The Sixties added the sexual revolution and the pill, civil rights activism, the war in Viet Nam and protests, and ended with three assassinations. The country seemed to split in two, and the rift has yet to heal.
But music played a large part in the spread of marijuana culture.
The traditional Creation Myth has marijuana spreading from the crews of Mexican and Caribbean ships in the Port of New Orleans to the bordellos of Storyville and then going up the Mississippi to Chicago with musicians like Kid Ory and Louis Armstrong. From there, Mezz Mezzarow, the Pied Piper of Pot, took his sax and some weed to New York in 1927, where he turned Harlem on.
The Creation Myth is true as far as it goes, and it does support Anslinger’s testimony. But it doesn’t tell the whole story.
Those musicians of the 20s and 30s were a peripatetic bunch. They toured the entire U. S. by train, bus, and car. Louis Armstrong’s only marijuana bust was in LA; Charlie Parker learned about dope and weed while touring by car out of Kansas City.
Detroit Red (later known as Malcolm X) made a living selling reefers to New York musicians in the early- and mid-40s and followed them on tour with his supplies up and down the east coast. His source was the crews of coastal freighters from the Gulf of Mexico berthing in war-time New York.
But the main problem with the Myth is that it leaves out the bluesmen that also spread from the Mississippi to Chicago and Kansas City and also to St. Louis, Houston, Los Angeles, and Atlanta. They carried their music and weed with them, but they also played the early electric guitars that gave Les Paul his inspiration.
During the 20s, 30s, and 40s, music was as segregated as the rest of American society. Separate labels published and distributed “Colored” records and “Colored” radio stations played them. But no one could control the music once it was distributed or aired. White people, especially young ones, listened to Colored music; and by the 50s, some disk jockeys were broadcasting it on “White” stations. By the mid-50s, a few publishers like Sun Records were finding White singers who could sound “Colored” – Elvis was the prime example, and some Black artists like Fats Domino, Little Richard, and Ike Turner were playing to white audiences.
Some of the biggest fans were in England, where the blues, especially, fuelled a new sound by groups like the Yardbirds and the Animals. Rock and Roll was here to stay.
The intelligentsia and the Beats had their jazz; the college crowds, their folk music; and the teens had rock n’ roll. The Civil Rights movement turned gospel and folk into songs of protest and rebellion. They all came together in the new urban youth culture in places like San Francisco and Greenwich Village.

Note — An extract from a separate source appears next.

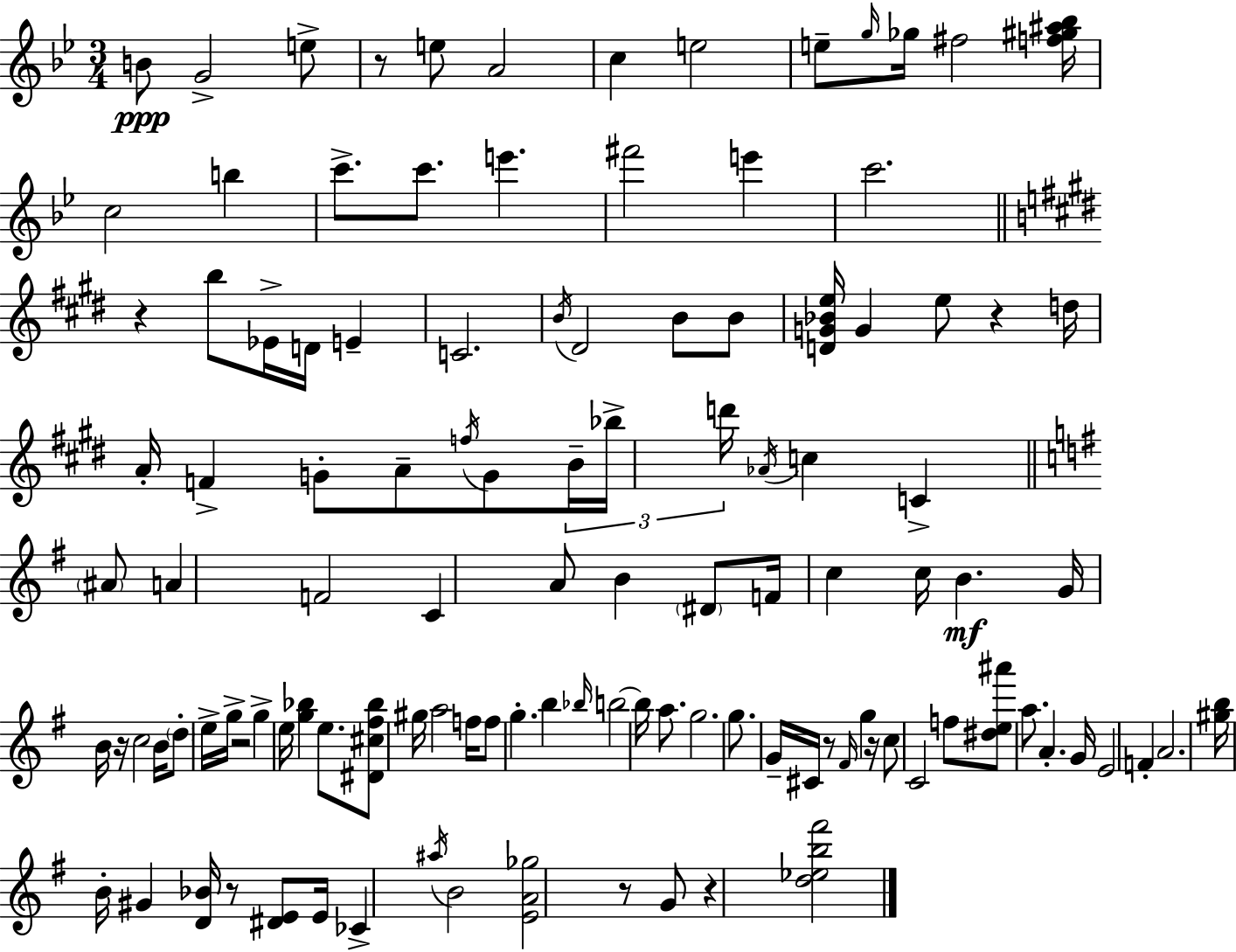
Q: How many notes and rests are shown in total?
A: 116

And grown-up American stared in horror at this cuckoo’s egg hatching in its nest: a hatchling whose peeps were amplified by Stratocasters and Gibson Les Pauls through Marshall amps. This hatchling came of age at Monterrey, Woodstock, and Altamont.
We may never trace the exact sources of the taste for marijuana that blossomed during this time. The causes are multiple and obscure.
We can be sure, however, that the medium through which that taste spread from coast to coast, from rich to poor, from drop-out to Ph.D., was the new evolving music.
Now, excuse me while I go listen to Jimi Hendrix play “The Star Spangled Banner.”